Performing minimally invasive robotic cystectomy and bladder reconstruction in one operation provides a viable alternative, while maintaining the oncologic standards of the open approach. Some of the benefits appear to be less blood loss, decreased pain, and potentially less wound complications.
Our aim with the minimally invasive approach to bladder cancer surgery is to improve perioperative outcomes. Full recovery after a radical cystectomy can take several months. With a minimally invasive approach, our goal is to help patients make a quicker recovery. Offering a completely minimally invasive cystectomy and reconstruction complements our comprehensive, multi-disciplinary approach to the management of bladder cancer.
Radical Cystectomy and Bladder Reconstruction
The standard surgical approach for muscle-invasive bladder cancer has been open radical cystectomy, extended lymphadenectomy, and urinary diversion performed through an incision that starts below the navel. This type of operation can be done safely and has a proven cancer control experience. However, as with all major surgical procedure, open radical cystectomy carries a risk for complications and is associated with a several month total recovery time.
Memorial Sloan Kettering Cancer Center (MSK) is one of a few centers in the world that provides robotic cystectomy and completely intracorporeal bladder reconstruction in the same operation. I have helped to pioneer this minimally invasive approach for cystectomy and bladder reconstruction, I have taught surgeons how to perform this operation domestically and abroad, and I have published experience in intracorporeal diversion. (1) (2)
My, as yet unpublished data (manuscript in review) - collected at another center prior to me joining MSK – shows that of 100 patients that underwent robotic cystectomy and intracorporeal urinary diversion without open conversion, half were able to receive a continent urinary reconstruction. Median overall total operating time was seven hours (range four-13). The overall median blood loss was 200 milliliters, median time to return of bowel function was three days, and median length of hospital stay was five days. Almost 40 percent of all patients were able to leave the hospital within four days after their surgery.
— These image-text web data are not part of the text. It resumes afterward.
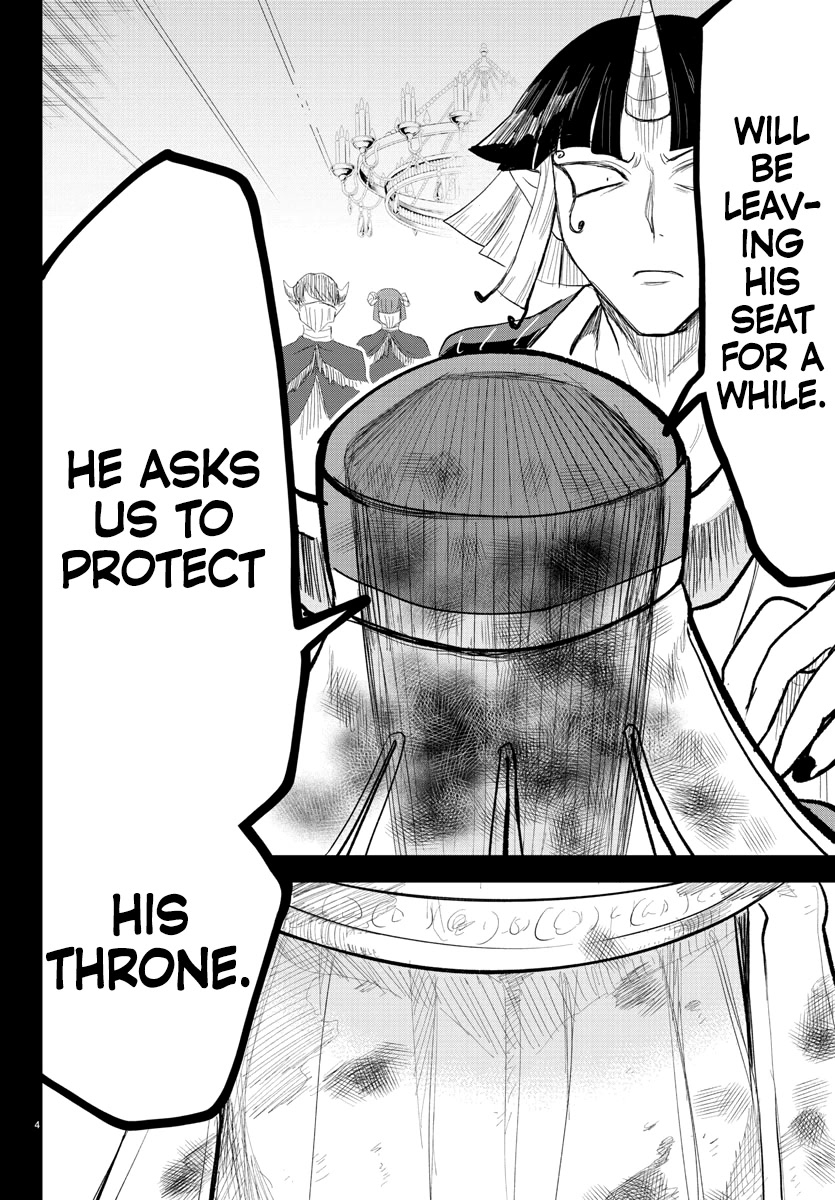Mairimashita! Iruma-kun Chapter 300 page 5 - Chapter 300: The 13th Seat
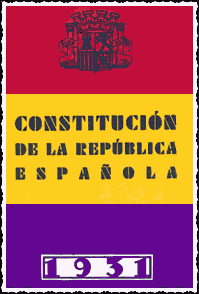 CONSTITUCION 2ª REPUBLICA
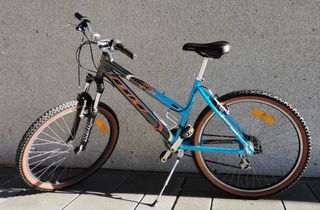 Bicicleta BH Over X 470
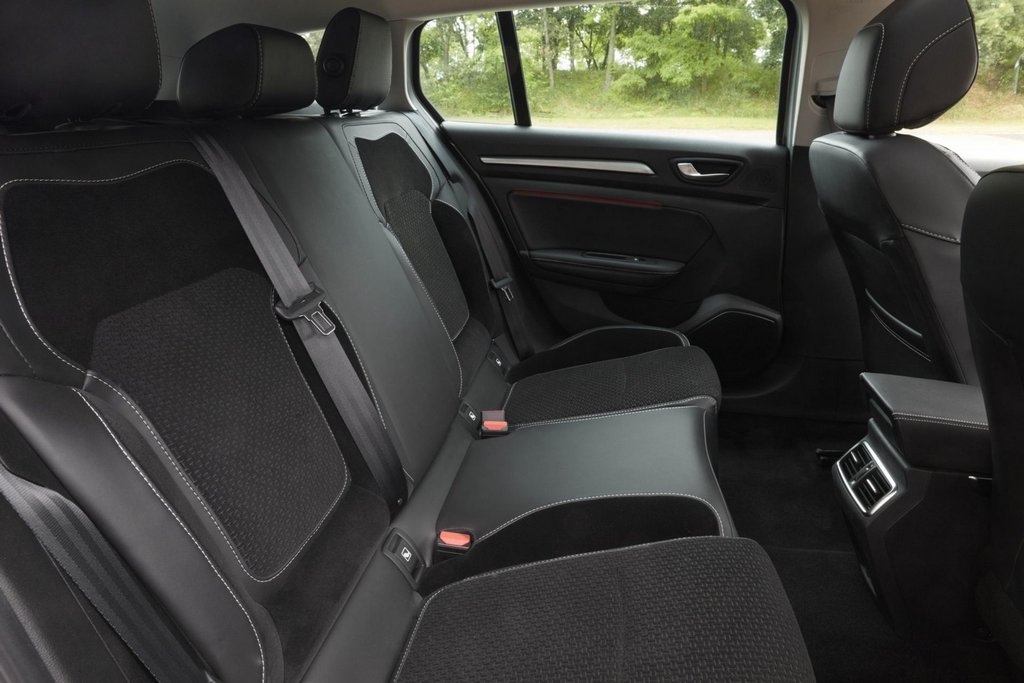 Renault Megane Estate universāļa ceturtā paaudze
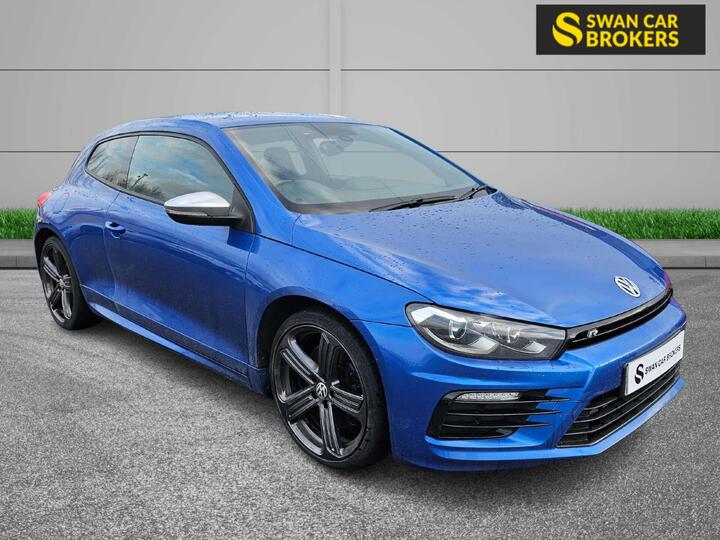 Volkswagen SCIROCCO 2.0 TSI R DSG Euro 6 (s/s) 3dr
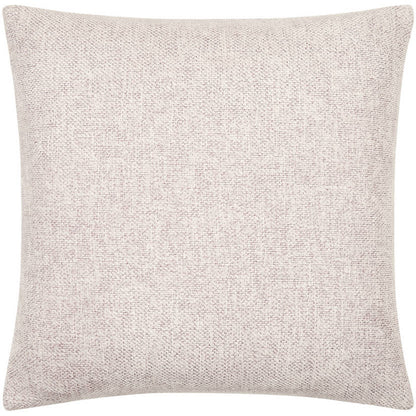 Aarn Light Silver Pillow Cover
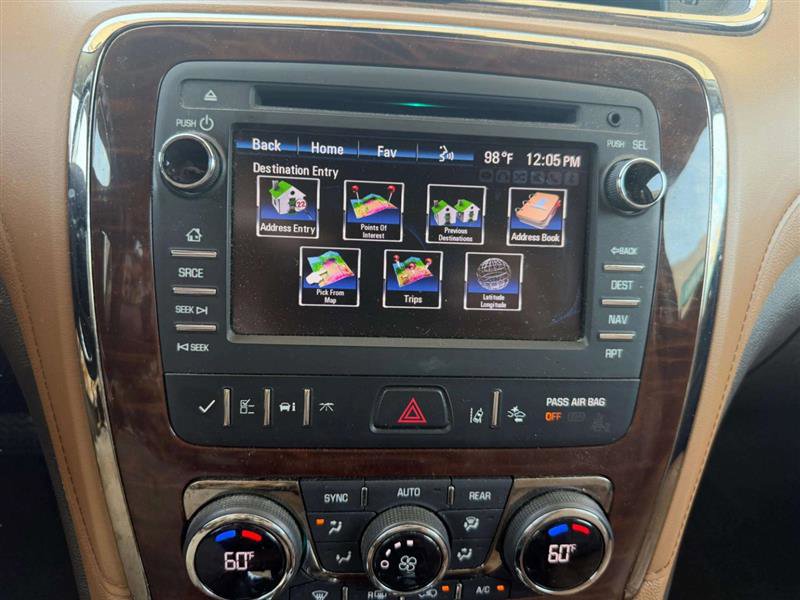 Used 2014 Buick Enclave Leather w/ Trailering Provision Package image 36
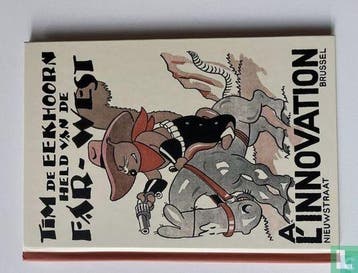 Remi, Georges - Tim de Eekhoorn - 2024, Eén comic, Verzenden, Zo goed als nieuw, Amerika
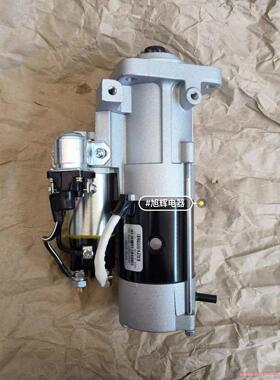 VolvoEC240B 290B挖土机D7D/D7E引擎启动马议价商品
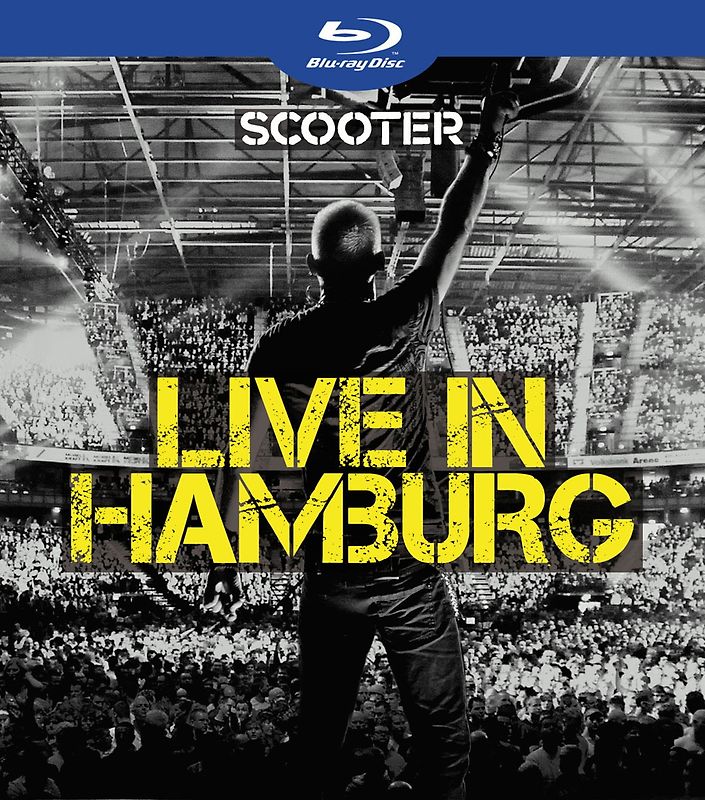 Scooter - Live in Hamburg 2010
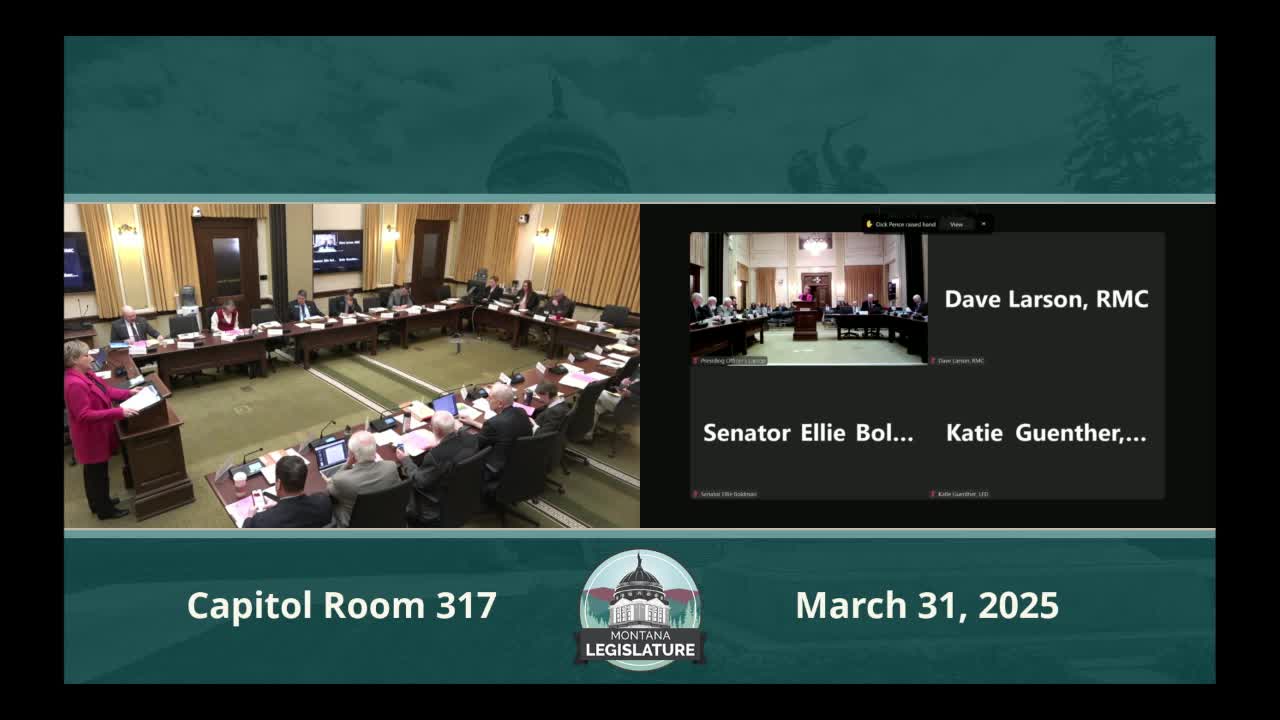 Montana leaders call for increased funding for substance abuse prevention programs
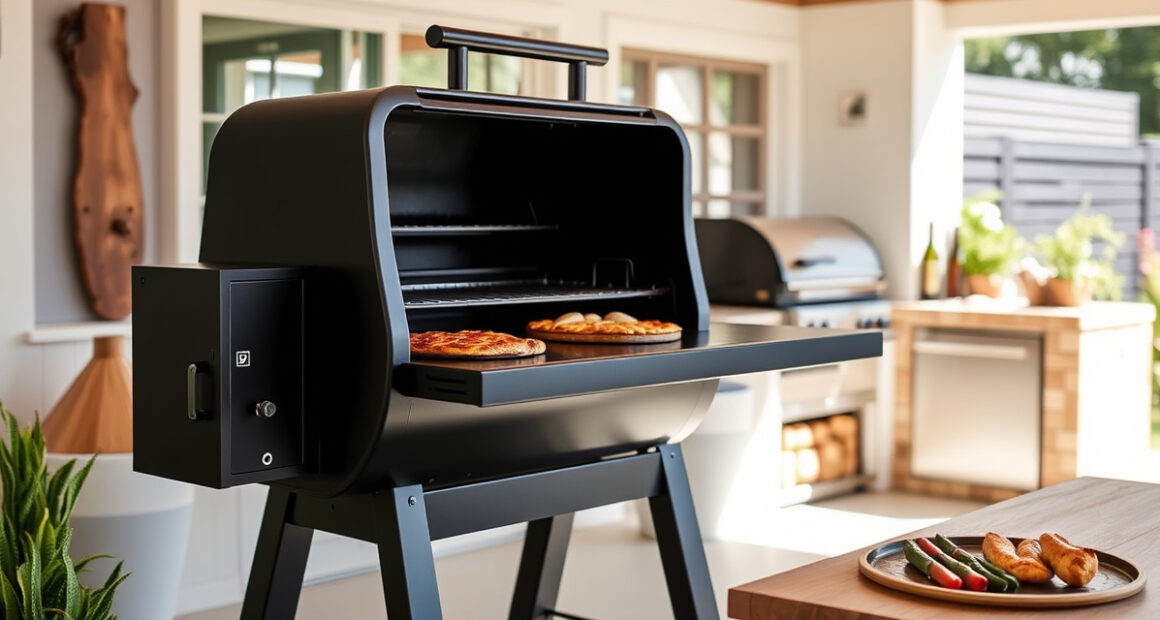 Ninja Outdoor Woodfire Pro XL Grill & Smoker: Summer Grilling Made Easy
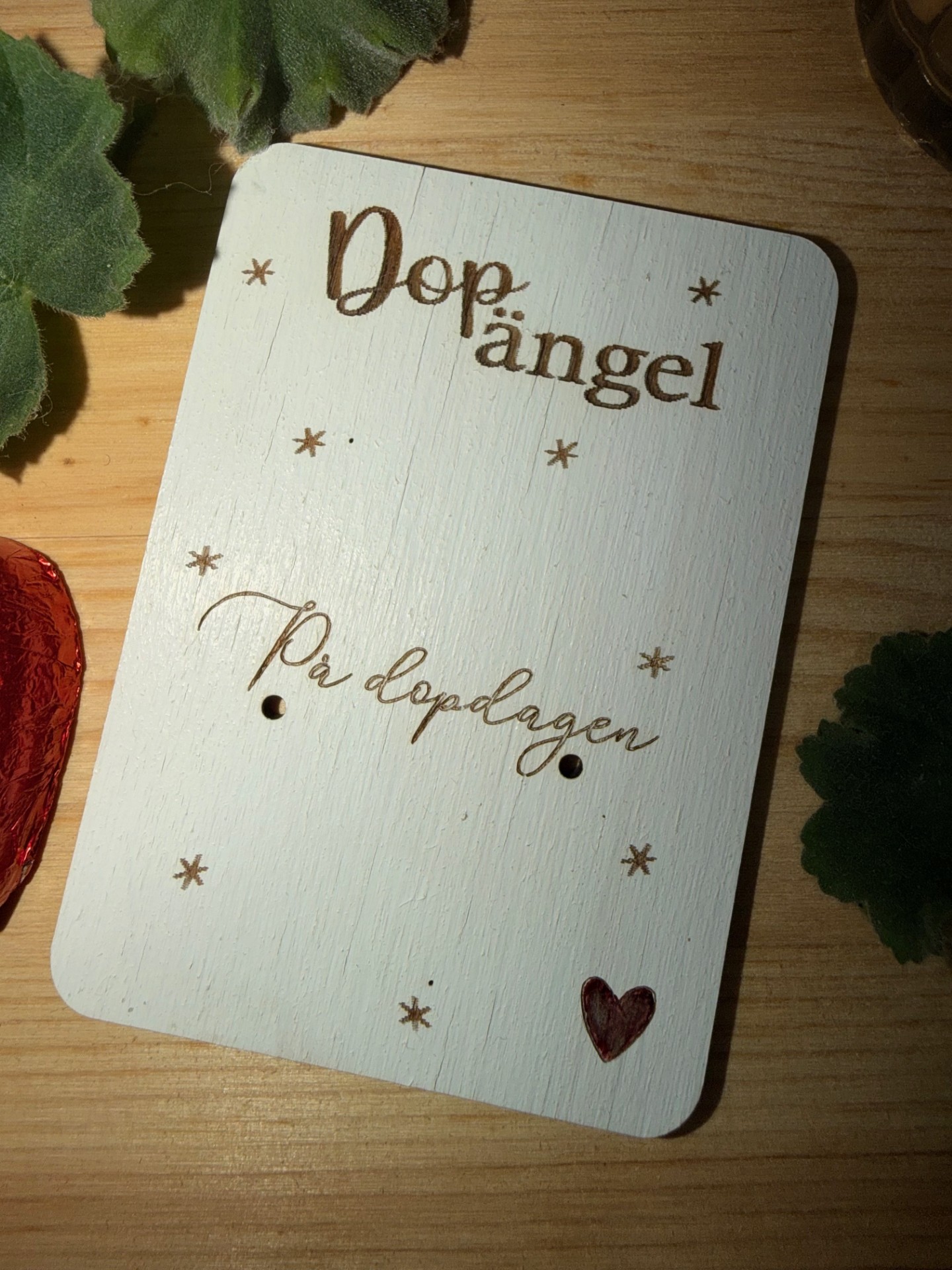 Dopängel liten - 12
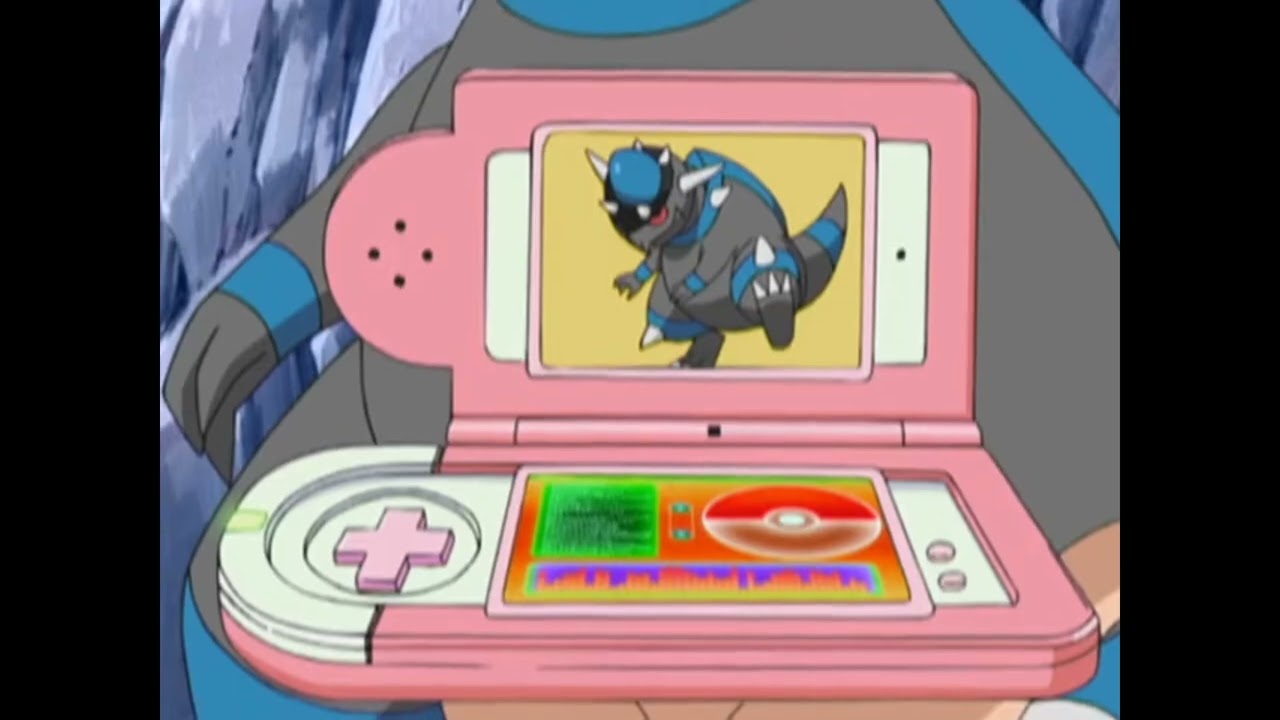 Cranidos and Rampardos Pok&eacute;dex Entries..wmv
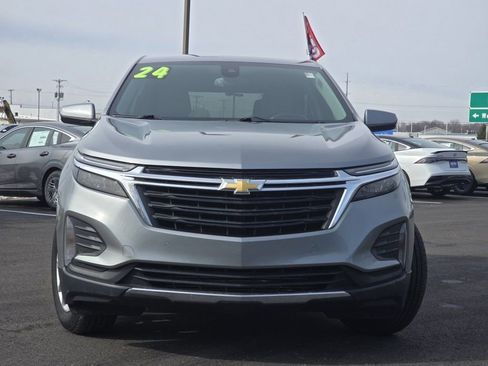 Used 2024 Chevrolet Equinox LT image 7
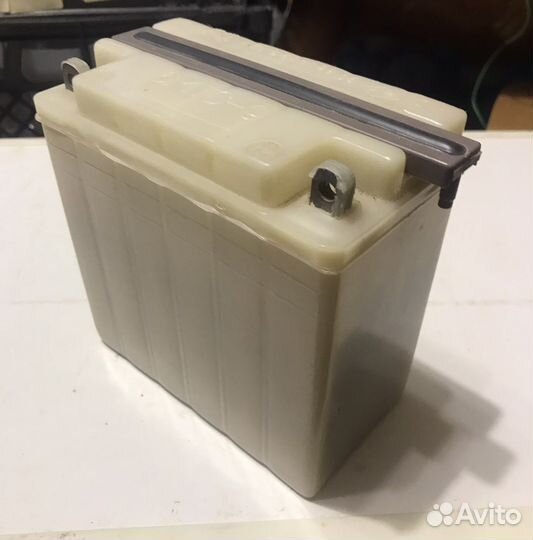 Аккумулятор для мотоцикла 6мтс-9, 12v 9A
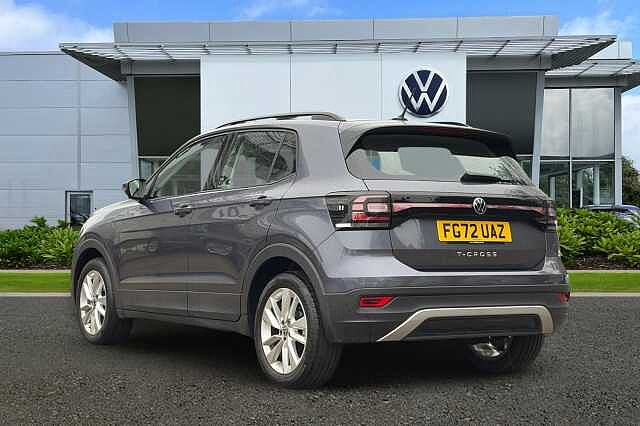 Used Volkswagen T-Cross 2022 for sale - 76836808: Photo 3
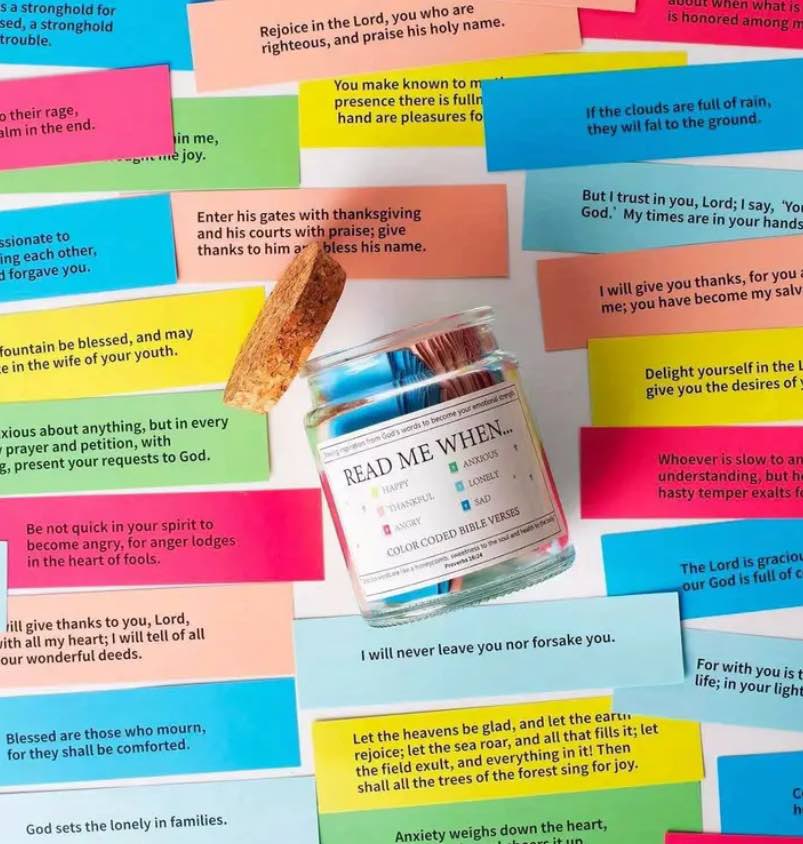 Read Me When Jars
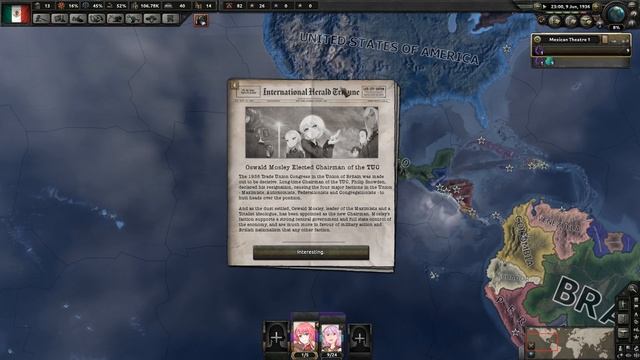 Can Anime Save Hearts of Iron 4?(Kaiserreich Mod) смотреть онлайн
Investigators at MSK have also conducted one of the largest randomized controlled trials comparing open cystectomy to robotic cystectomy. (3) In this study, 118 patients were randomized to either robotic cystectomy or open radical cystectomy. All patients received their urinary diversion by an open surgical approach (extracorporeal). We did not detect any difference in overall or high-grade complications rates. There was no difference in surrogates for oncologic outcomes, including positive surgical margin rates, lymph node yields, and lymph node positivity rates. However, it is notable that the robotic cystectomy group had less blood loss, fewer wound complications, and longer operative times. Hospital length of stay for each group was the same.
At centers that offer a minimally invasive approach, like robotic cystectomy and lymphadenectomy, most will perform the reconstruction with an open incision due to less experience, perceived difficulties with intracorporeal bowel reconstruction, and concerns about prolonged operative time compared with open surgery. A completely minimally invasive technique for bladder removal and urinary reconstruction may offer additional benefits, including less bowel manipulation and less wound morbidity.
Minimally Invasive Cystectomy and Bladder Reconstruction
Our transperitoneal approach replicates the important steps established and standardized by open surgery through keyhole incisions. We perform robot-assisted cystectomy and extended lymph node dissection followed by the full range of urinary diversions, both continent and incontinent forms, through these small incisions. (1) (2)
We construct a neobladder from part of the patient’s small intestine and connect it to the urethra, enabling the patient to urinate normally. This method eliminates the need for an external pouch to collect urine. In cases where the urethra must be removed, we can create a reservoir to store urine with a small stoma brought to the abdomen, which can be catheterized. (2)
Robotic technology allows surgeons to perform precise maneuvers, but overall, the urologic surgeon’s experience is the most critical factor for achieving the best patient outcomes. With robotic cystectomy and intracorporeal diversion, we are actively pursuing ways to improve the outcomes for bladder cancer patients that require removal and reconstruction of the bladder.
As the first center to develop a comprehensive robotic surgery simulation training platform, MSK is a leader in robot-assisted surgery. We welcome colleagues to our training center to observe cases and share knowledge.